The floods of 2004-05, along with the Shell Chemical Explosion, the storms of 1998 and the various presidential visits to our area, was among the biggest stories I've covered in my almost 30 years (29 years this past week) at WTAP.
It's one of those stories that no one in the area at this time (especially no one who actually was affected by the storm and the floods) will ever forget.
But all of us...including those of us in the media...who were caught up in the story at the time, tend to forget what DIDN'T happen as a result of the storm and in the weeks to follow.
Lots of people were displaced by the floods, which took the area by surprise. Many of us went to bed the night before thinking the worst of the storm had passed us by. People who weren't displaced, such as downtown Marietta businesses, suffered financial losses into the hundreds of thousands (perhaps even millions) of dollars. Some never reopened.

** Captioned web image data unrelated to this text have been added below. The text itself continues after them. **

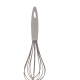 Garde 30 cm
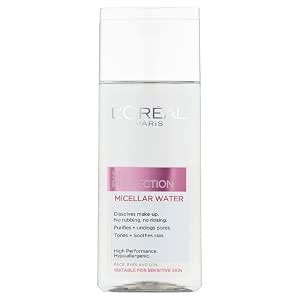 Тени для век L'oreal Color Appeal секреты звезд трио 334 янтарный криста (3600521477366)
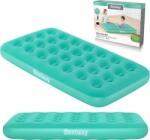 Bestway 67918 légmatrac Egyszemélyes matrac Különböző színekben Uniszex (67918) (67918)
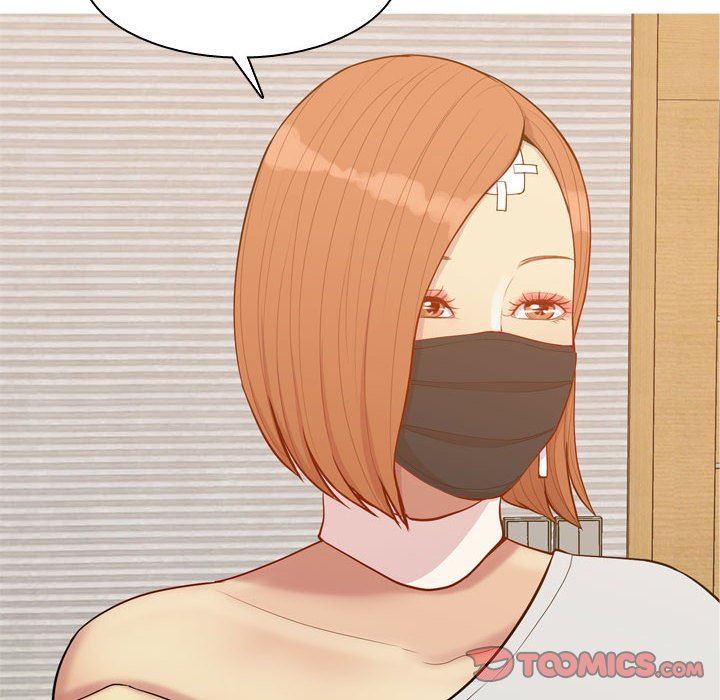[韩国漫画] 恋爱前奏曲：归来 爱情,巨乳大奶#[91P]-86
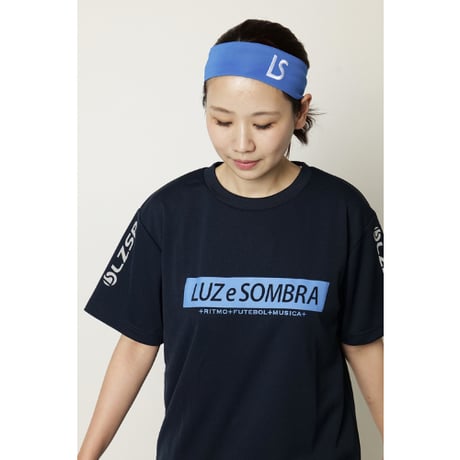 LUZeSOMBRA LUZ STANDARD HEAD BAND 2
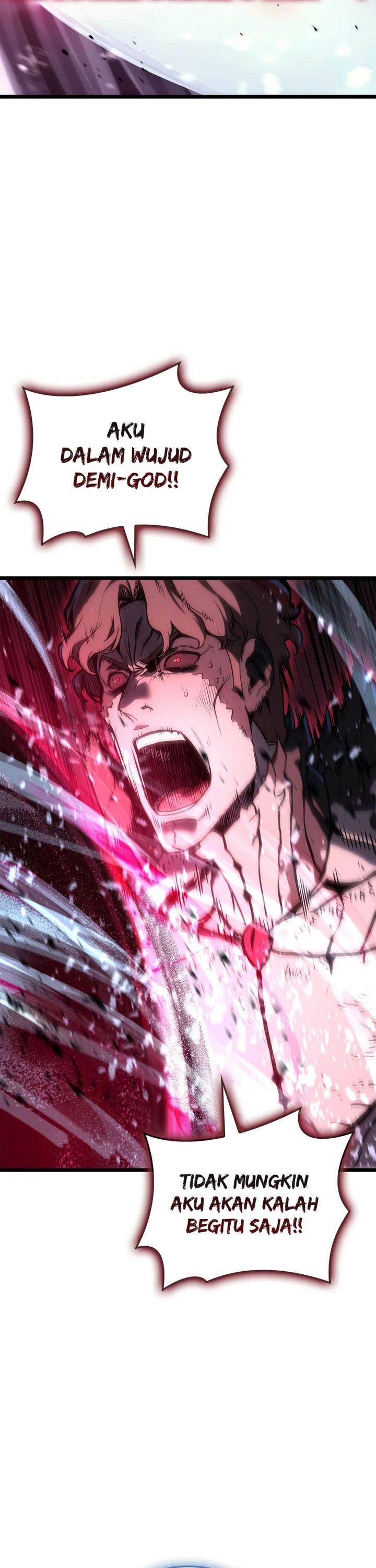 image-komik-a-disaster-class-hero-has-returned-chapter-107-26/59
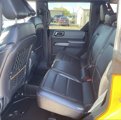 Used 2021 Ford Bronco Badlands image 4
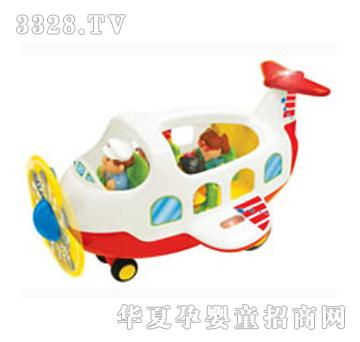 ͯ��@����С�w�C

But I don't recall of one person losing their lives as a result of the storm and the floods. That's amazing when you think about it, considering all the devastation.
I thought of that almost a year later, when Hurricane Katrina hit the Gulf Coast, resulting not only in billions of dollars in damages, but the loss of more than 1800 lives.

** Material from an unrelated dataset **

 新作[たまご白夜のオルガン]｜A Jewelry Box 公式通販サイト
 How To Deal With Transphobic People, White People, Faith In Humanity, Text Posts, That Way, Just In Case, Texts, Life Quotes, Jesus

The two storms, admittedly, aren't a good comparison. I like to say that what we faced from Ivan was a mud puddle compared to Katrina.
Compare it instead, to the previously-mentioned storms of June, 1998, which resulted in several deaths, half a dozen alone in Noble County.
Although, as I learned from some business people and residents this week, the "Ivan storm" has left some physical and emotional scars, most of the people affected by it are still around, unless they've moved out of the area.
Mostly, people have moved on. And that's a good thing.